Epigenetics contributes to the final characteristics of cancer, being the end point of a long multistage carcinogenic process [8-9]. In contrast with genetic changes, which are irreversible, epigenetic changes reversibly regulate gene expression on the genomic level and are regarded as an interface that could connect genotype with phenotype; hence it is relevant to the exploration of the underpinning mechanisms involved in cancer phenotypes as well as prospective therapies [8, 10]. DNA methylation has not only proved to be one of the important epigenetic marks but also the master regulator of many cellular processes, including growth and differentiation [8]. DNA methyltransferases are generally considered the key enzymes that perform and regulate the transfer of a methyl group from S-adenosylmethionine to cytosine in both forms [10]. In cancer cells, hypomethylation of DNA is linked to chromosomal instability and reduced expression of anti-tumor genes [8]. DNA hypomethylation may also contribute to genomic instability and mutagenesis [10]. On the other hand, DNA hypermethylation is responsible for the formation of cancer by inactivating tumor-suppressor genes and DNA repair genes. This is caused by the addition of a methyl group to CpG islands in the promoter regions of these genes, a process facilitated by S-adenosylmethionine, which donates the methyl group to the fifth position of the cytosine ring [11].

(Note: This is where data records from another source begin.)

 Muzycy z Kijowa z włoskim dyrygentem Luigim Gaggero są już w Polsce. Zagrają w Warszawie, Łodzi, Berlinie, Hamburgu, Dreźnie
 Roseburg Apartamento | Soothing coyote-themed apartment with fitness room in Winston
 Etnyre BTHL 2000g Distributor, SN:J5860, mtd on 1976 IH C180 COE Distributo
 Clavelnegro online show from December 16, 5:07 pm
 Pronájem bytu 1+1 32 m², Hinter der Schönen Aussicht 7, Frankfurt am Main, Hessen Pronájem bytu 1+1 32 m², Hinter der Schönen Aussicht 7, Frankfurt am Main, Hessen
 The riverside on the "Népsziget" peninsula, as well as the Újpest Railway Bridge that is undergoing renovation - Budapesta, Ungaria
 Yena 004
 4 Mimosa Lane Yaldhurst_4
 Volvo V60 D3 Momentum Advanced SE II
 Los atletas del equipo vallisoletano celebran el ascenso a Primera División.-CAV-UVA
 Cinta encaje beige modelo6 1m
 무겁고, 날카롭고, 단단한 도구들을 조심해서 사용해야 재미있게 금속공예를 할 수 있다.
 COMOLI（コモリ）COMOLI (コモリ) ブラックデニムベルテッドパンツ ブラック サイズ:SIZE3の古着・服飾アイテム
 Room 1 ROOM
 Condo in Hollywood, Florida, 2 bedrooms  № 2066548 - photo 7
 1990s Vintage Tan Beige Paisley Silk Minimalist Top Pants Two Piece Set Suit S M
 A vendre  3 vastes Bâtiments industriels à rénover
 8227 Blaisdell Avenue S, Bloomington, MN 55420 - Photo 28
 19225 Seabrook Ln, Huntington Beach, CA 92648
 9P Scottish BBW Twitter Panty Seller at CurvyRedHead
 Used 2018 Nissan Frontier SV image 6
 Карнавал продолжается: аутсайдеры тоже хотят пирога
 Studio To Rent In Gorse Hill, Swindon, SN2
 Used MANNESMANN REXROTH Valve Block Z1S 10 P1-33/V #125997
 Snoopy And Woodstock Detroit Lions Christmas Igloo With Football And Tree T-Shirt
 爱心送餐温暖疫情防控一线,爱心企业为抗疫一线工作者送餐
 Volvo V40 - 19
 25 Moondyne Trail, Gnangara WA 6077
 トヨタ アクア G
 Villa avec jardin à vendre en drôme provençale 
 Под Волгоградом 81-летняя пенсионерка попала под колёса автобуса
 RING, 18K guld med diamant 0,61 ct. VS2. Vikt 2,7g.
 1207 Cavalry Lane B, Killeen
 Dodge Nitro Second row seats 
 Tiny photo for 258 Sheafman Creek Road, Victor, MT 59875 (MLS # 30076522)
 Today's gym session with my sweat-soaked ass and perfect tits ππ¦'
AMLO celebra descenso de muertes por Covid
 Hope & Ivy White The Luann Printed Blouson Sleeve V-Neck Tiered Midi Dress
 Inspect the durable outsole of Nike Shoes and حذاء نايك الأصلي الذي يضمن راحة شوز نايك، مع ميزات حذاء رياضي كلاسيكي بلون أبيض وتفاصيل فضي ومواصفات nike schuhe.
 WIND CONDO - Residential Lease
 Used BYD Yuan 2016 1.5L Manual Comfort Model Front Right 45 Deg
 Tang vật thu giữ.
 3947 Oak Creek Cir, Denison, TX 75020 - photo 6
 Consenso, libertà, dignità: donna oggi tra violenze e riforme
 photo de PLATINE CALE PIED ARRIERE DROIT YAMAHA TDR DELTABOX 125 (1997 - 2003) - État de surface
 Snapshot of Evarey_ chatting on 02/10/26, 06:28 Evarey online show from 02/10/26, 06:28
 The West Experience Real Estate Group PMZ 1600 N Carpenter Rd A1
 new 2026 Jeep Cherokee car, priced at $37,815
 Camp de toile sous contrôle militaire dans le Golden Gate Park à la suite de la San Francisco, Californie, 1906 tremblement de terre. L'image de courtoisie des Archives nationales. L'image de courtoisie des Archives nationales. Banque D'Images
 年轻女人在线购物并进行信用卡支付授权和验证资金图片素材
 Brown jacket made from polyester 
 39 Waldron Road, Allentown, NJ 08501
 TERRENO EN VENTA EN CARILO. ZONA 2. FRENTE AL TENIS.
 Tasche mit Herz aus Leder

As far as oral cancer is concerned, epigenetic silencing is detected in many genes with tumor-suppressing abilities, a fact that undermines cellular processes such as cell cycle, apoptosis, and cellular interactions [12]. In oral cancer, more than 40 tumor suppressor genes silenced by DNA hypermethylation have been reported in a process affecting several cellular functions such as cellular cycles, apoptosis, and cell-to-cell adhesion [13-14]. On the other hand, the role of histone modifications is not limited to the inhibition of the expression of certain genes but expands to the overregulation of epithelial-mesenchymal transition, to the association with transcription that regulates processes such as anoikis and intravasation. Both these two procedures play a crucial role in metastasis [15-16]. International data denotes that the deficiency of histone modifications entails the aggressiveness of malignancy [17-18].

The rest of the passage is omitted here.